今年4月から始まった教育資金の一括贈与についての非課税制度に対する関心が高いようです。相続税の増税が予定されていることと関係があると思いますが、2015年末までの期間限定という点も気になるところでしょうか。
もともと、孫の教育費を、祖父母がその必要の都度支払うのであれば、この制度がなくても原則贈与税はかからなかったはずです(まとめて贈与する場合は対象となります)。
今回の制度、祖父母から孫、親から子へ教育資金を一括贈与する場合、最大1500万円まで非課税になるものですが、この制度を利用するためには、金融機関に受取人名義の口座をつくってそこに入金した後、使った教育費の領収書等を金融機関に提出することで、そのお金を使う必要があるものです。
印象として、とても面倒に感じられます。税務上の特典を使う場合には、いろいろ手続きがあるのは仕方がないところもありますが、前述の通り、教育費を必要の都度自分の口座から引き出して支払っても、贈与税の対象とはならないのが普通です。さらには、贈与契約の上この口座を使うことで、将来の資金使途を限定してしまうこともデメリッのように思われます。
この制度を使いたいのは、祖父母の資産が相続税の対象となるので対象資産を減らしたい場合、もしくは早いうちに相続対象資産の配分を進めることが求められているケースなどでしょうか。

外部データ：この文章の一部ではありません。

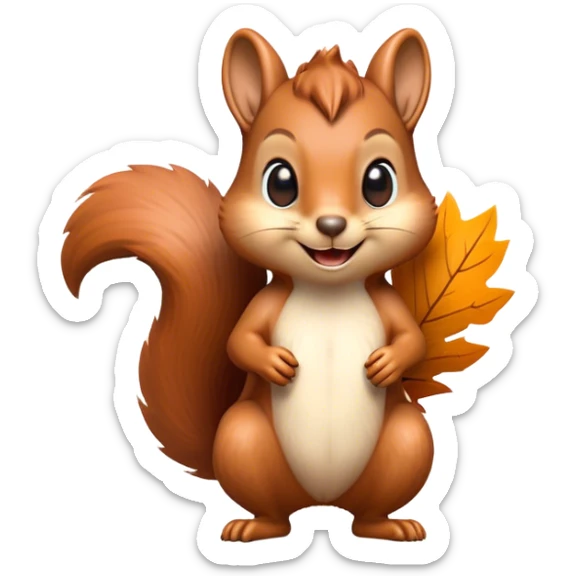 Cinematic Cheeky Squirrel Portrait Emoji, Head cocked to one side with a cheeky smirk and sparkling, impish eyes, featuring a compact, agile form with a luxuriously bushy tail and perky ears, Simplified yet remarkably expressive features, highly detailed, glowing with a playful, golden glow, high shine, mischievous and lively, stylized with an air of woodland naughtiness, soft glowing outline, capturing the essence of a cheeky squirrel that seems poised to leap out of the screen with a fun-loving attitude! sticker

確かに教育資金は非常に大きい支出で、ずっと私立の学校にいく場合1500万円でも不足するケースが少なくありません。祖父母からの援助を期待するのも有り、でしょう。この制度の利用の検討をきっかけとして、子供の教育資金が、いつ、いくら必要なのか、自分たちの今の収入と貯蓄計画も十分間に合うのか、話し合って確認していただければと思います。